• [What to produce]:
Starting at the line that contains "FB_IMG_1743719648152" and stopping after the line that contains "Private Tour to", transcribe the listing below exactly; do not include any pictures.
-- -- --
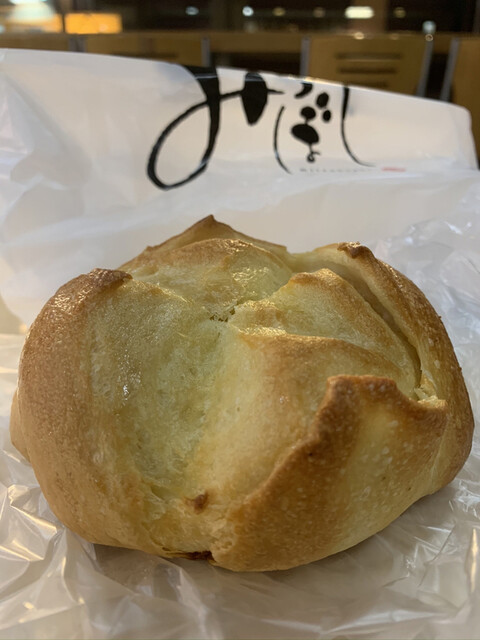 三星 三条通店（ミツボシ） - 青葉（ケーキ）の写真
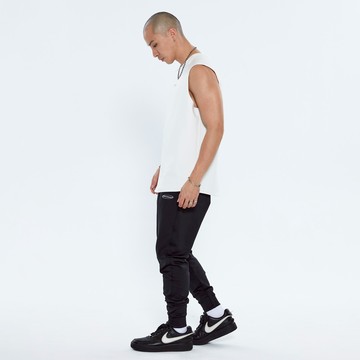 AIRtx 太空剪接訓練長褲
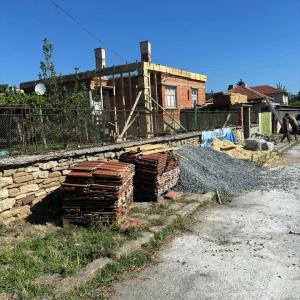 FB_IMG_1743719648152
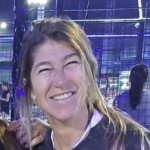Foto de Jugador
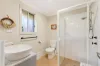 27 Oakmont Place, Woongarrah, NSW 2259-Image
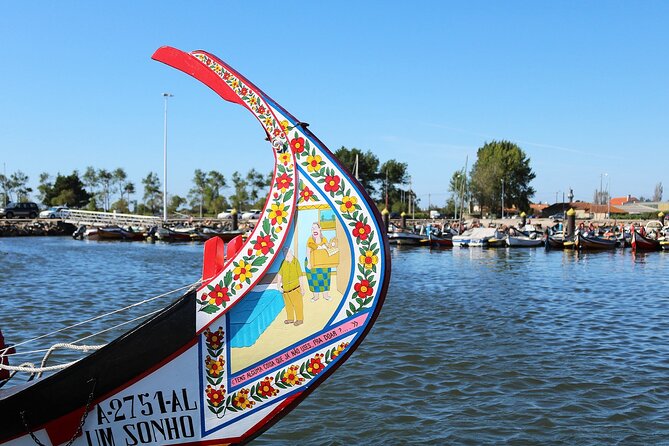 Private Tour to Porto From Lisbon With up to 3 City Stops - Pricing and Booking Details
-- -- --
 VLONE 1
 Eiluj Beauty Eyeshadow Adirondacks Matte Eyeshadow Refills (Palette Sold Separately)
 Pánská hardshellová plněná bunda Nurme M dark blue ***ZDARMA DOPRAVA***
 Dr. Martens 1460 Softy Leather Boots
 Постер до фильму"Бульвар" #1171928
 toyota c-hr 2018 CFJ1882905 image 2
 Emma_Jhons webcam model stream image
-- -- --
• [Task output]:
 FB_IMG_1743719648152
Foto de Jugador
 27 Oakmont Place, Woongarrah, NSW 2259-Image
 Private Tour to Porto From Lisbon With up to 3 City Stops - Pricing and Booking Details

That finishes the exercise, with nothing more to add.